Дамайя открывает глаза. На фоне костра его голова – темный силуэт, обрамленный еще более темными волосами. Она отворачивается.
Он берет ее лицо и твердо поворачивает к себе.
– Ты поняла?
Конечно, это предупреждение.
– Да, – говорит она.
Удовлетворенный, он отпускает ее. Затем подводит к костру и жестом велит сесть на камень, который он подкатил для нее. Она садится. Когда он дает ей металлическую миску с чечевичной похлебкой, она ест – неуклюже, поскольку она не левша. Она пьет из фляги, которую он ей протягивает. Ей надо пописать, но это трудно, она спотыкается на неровной земле, в темноте, вдалеке от костра, отчего ее рука начинает ныть, но она справляется. Поскольку спальный мешок только один, она ложится рядом с ним, когда он похлопывает по нему рукой, указывая, где ей лечь. Когда он велит ей спать, она закрывает глаза – но уснуть не может долго.

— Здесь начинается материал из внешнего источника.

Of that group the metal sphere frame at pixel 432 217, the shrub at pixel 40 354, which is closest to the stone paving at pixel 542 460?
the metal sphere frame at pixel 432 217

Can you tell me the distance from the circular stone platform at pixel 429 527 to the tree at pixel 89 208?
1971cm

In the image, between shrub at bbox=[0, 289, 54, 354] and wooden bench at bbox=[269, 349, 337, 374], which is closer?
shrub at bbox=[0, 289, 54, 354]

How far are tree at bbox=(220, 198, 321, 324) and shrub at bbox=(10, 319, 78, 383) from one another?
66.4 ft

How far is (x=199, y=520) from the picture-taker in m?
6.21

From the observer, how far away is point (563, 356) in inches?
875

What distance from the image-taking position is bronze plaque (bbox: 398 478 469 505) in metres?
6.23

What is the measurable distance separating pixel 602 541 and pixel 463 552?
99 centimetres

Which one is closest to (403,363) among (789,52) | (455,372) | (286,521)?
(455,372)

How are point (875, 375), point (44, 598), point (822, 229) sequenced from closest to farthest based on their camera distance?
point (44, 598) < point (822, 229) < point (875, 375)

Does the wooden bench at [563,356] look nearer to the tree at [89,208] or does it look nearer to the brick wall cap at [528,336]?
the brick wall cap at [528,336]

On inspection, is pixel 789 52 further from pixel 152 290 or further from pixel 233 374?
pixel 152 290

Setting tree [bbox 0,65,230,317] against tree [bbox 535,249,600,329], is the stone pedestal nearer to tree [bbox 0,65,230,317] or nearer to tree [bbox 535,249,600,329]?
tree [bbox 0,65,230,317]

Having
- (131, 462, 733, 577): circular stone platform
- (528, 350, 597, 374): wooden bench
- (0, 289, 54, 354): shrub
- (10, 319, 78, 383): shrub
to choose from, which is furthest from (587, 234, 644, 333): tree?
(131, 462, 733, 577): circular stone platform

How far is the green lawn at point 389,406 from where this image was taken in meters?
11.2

Однако когда она засыпает, ее сны полны острой боли и вздымающейся земли, и огромной дыры, полной белого света, которая пытается проглотить ее, и кажется, и минуты не прошло, как Шаффа ее будит. Еще середина ночи, хотя звезды изменили положение. В первое мгновение она не вспоминает, что он сломал ей руку, и, не задумываясь, улыбается ему. Он моргает, затем отвечает ей искренней улыбкой.

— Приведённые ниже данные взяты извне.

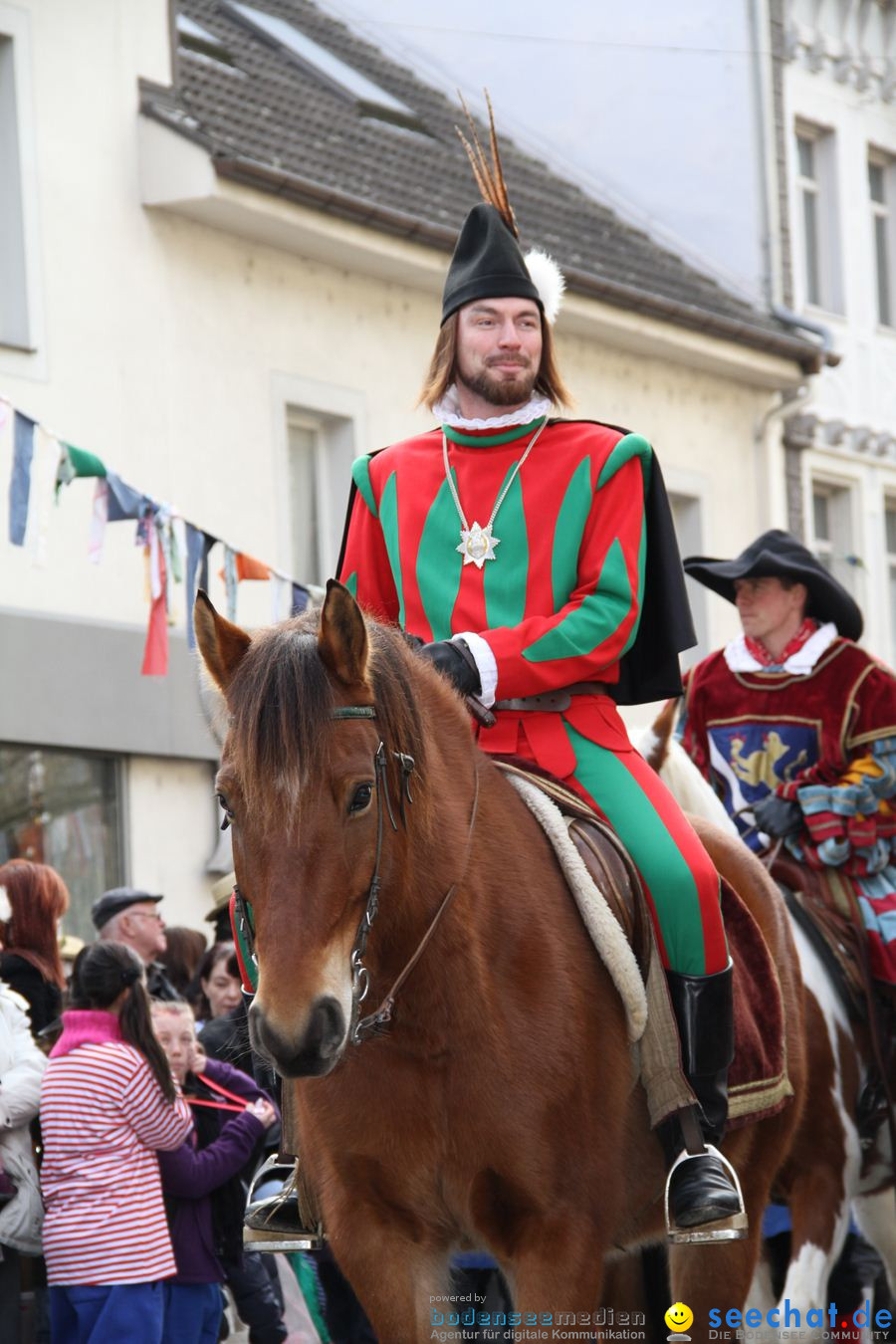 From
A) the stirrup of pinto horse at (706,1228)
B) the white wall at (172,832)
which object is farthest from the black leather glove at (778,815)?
the white wall at (172,832)

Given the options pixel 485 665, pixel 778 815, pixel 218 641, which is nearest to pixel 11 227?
pixel 778 815

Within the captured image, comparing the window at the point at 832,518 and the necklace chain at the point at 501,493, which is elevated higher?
the window at the point at 832,518

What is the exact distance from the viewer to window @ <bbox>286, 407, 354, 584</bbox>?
1752cm

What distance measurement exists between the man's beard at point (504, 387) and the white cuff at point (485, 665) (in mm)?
758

– Ты беспокойно спала, – говорит он.
Она облизывает губы, уже не улыбаясь, поскольку она вспомнила и поскольку не хочет рассказывать ему, насколько напугали ее кошмары. Или пробуждение.
– Я храпела? – спрашивает она. – Мой брат говорит, что я сильно храплю.
Какое-то мгновение он молча смотрит на нее, улыбка его исчезает. Ей начинают не нравиться эти краткие мгновения молчания. Это не просто паузы в разговоре или моменты, когда он собирается с мыслями. Это испытания, хотя она не понимает, на что. Он всегда испытывает ее.
– Храпела, – говорит он наконец. – Да. Не беспокойся. Я не буду тебя за это дразнить, как твой брат.
Шаффа улыбается, как будто это должно быть смешно. Брат, которого у нее больше нет. Кошмары, которые поглотили ее жизнь.
Но он остается единственным человеком, которого она может любить, так что она кивает и снова закрывает глаза, расслабляясь у него под боком.
– Спокойной ночи, Шаффа.
– Спокойной ночи, малышка. Пусть твой сон будет всегда спокойным.
* * *КИПЯЩАЯ ЗИМА: 1842–1845 по имперскому летоисчислению. Взорвалась горячая точка под озером Теккарис, выбросив в воздух достаточно пара и твердых частиц, чтобы вызвать кислотные дожди и затемнение над всей территорией Южного Срединья, Антарктики и общинами Восточного Побережья. Экваториали и северные широты не пострадали благодаря господствующим ветрам и океанским течениям, так что историки спорят, считать ли этот период «истинной» Зимой.
Зимы Санзе, учебное пособие для детей 12 лет7
Ты плюс один равно дваУтром ты встаешь и пускаешься в путь, и мальчик с тобой. Вы вдвоем бредете по холмистой местности под падающим пеплом.
Главная проблема – ребенок. Во-первых, он грязен. Прошлым вечером в темноте ты этого не заметила, но он весь покрыт сухой или подсыхающей грязью, к которой прилипли какие-то веточки и Земле ведомо, что еще. Наверное, его накрыло селем – во время землетрясений такое часто случается. Если так, ему еще повезло, но когда он просыпается и потягивается, ты морщишься от полос грязи и крошек, которые он оставил на твоем спальнике. Минут через двадцать ты осознаешь, что он еще и совершенно голый.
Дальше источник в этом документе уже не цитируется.